Film de Abderrahmane Sissako

Avec Ahmed Ibrahim, Abel Jafri, Toulou Kiki, Kettly Noël, Hichem Yacoubi

 

 Parmi les évènements contemporains brutaux qui se sont déroulés ces dernières années dans le monde, la prise de Tombouctou par les islamistes, et l'instauration de la charia qui s'en est suivi, a jeté un effroi qui continue à traverser les esprits. Le fondamentalisme islamique gagne du terrain, de par son éparpillement et l'amplification des groupes radicaux (Boko Haram en est, en Afrique, l'exemple le plus éloquent), et on arrive à peine, en voyant "Timbuktu", à croire que cet évènement tragique serait derrière nous.

 Il faut dire que les nombreux mausolées détruits par les islamistes sont désormais en phase de reconstruction et que le traumatisme suscité par ces actes radicaux, s'il en rappelle d'autres de triste mémoire (la destruction des Bouddhas de Bamiyan par les talibans en Afghanistan), continue à se mêler avec d'autres actes de radicale intolérance (les exactions de Boko Haram et de l'Etat Islamique, entre autres).

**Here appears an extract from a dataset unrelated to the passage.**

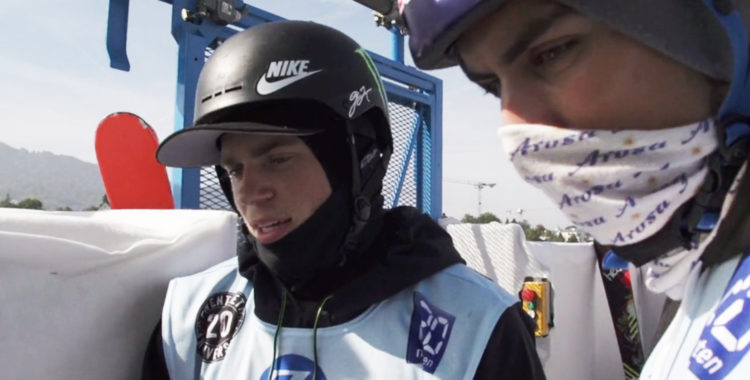 Gus diskuterar tricket med Elias Ambuhl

 En s'appuyant sur ce sujet brûlant pour réaliser "Timbuktu", Abderrahmane Sissoko surprend. Quoi de plus difficile, sans doute, que de tirer du réel vibrant et horrifique la matière d'une trame fictionnelle ? Que de s'appuyer sur l'actualité par le prisme d'un acte fondateur (la lapidation de deux amants) pour ériger une histoire où résonnent toute sortes de voix et de langues - on y parle tamasheq, arabe, français, songhaï, bambara.

 Autant le dire : dans son approche d'un moment contemporain angoissant "Timbuktu" est l'exact opposé de "Eau argentée", de Ossama Mohammed et Wiam Simav Bedirxan : les deux films, présentés à Cannes offrent une vision largement antithétique. Là où le montage chaotique de "Eau argentée" repose sur un assemblage d'images glanées sur You Tube - et dont la réitération d'images violentes le plonge dans une complaisance sans nom -, celui de Sissako travaille plutôt la question du retranchement.

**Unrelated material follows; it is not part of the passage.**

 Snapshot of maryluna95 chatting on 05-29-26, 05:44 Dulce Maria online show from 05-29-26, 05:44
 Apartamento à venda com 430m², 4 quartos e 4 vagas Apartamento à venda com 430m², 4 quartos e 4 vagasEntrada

 Il règne ainsi sur "Timbuktu" une impression de flottement, d'apesanteur. On y sent à la fois l'immensité du désert, propice à rendre les corps lourds, lents, comme pris dans un cycle comateux, tout comme l'approche de Sissako, pudique, intimiste, amène sa caméra à se centrer sur quelques personnages. A proprement parler, pour peindre un sujet aussi délicat, on peut dire qu'il n'y a pas d'éclair de violence dans "Timbuktu". Les trois séquences les plus dures dans le film (l'ouverture, où l'on voit des statuettes détruites par des tirs, en forme de métonymie de la destruction des mausolées ; la lapidation des amants, séquence rapide, coupée dans son élan, et les coups de fouet donnés à la chanteuse) indiquent chez Sissako ce choix de ne pas surenchérir sur la violence. La séquence de la mort "accidentelle" de l'homme (Amadou) qui a tué une vache se résume en un plan large, lointain, esthétiquement superbe.
 
 C'est dire que l'option de "Timbuktu" n'est pas de représenter la violence sur le mode du conflit, qui serait signifié par des actes de résistance. Dans le film, elle semble intériorisée, voire intrinsèque, comme si la présence des islamistes était une part du réel, quand bien même elle serait mal vécue. Le juge qui tranche, qui finit par condamner Kidane, assoit cette impression d'un ordre du monde inébranlable. C'est cette part de l'univers de Sissako qui transparaît ici, et dont "La vie sur terre" représenterait un titre emblématique.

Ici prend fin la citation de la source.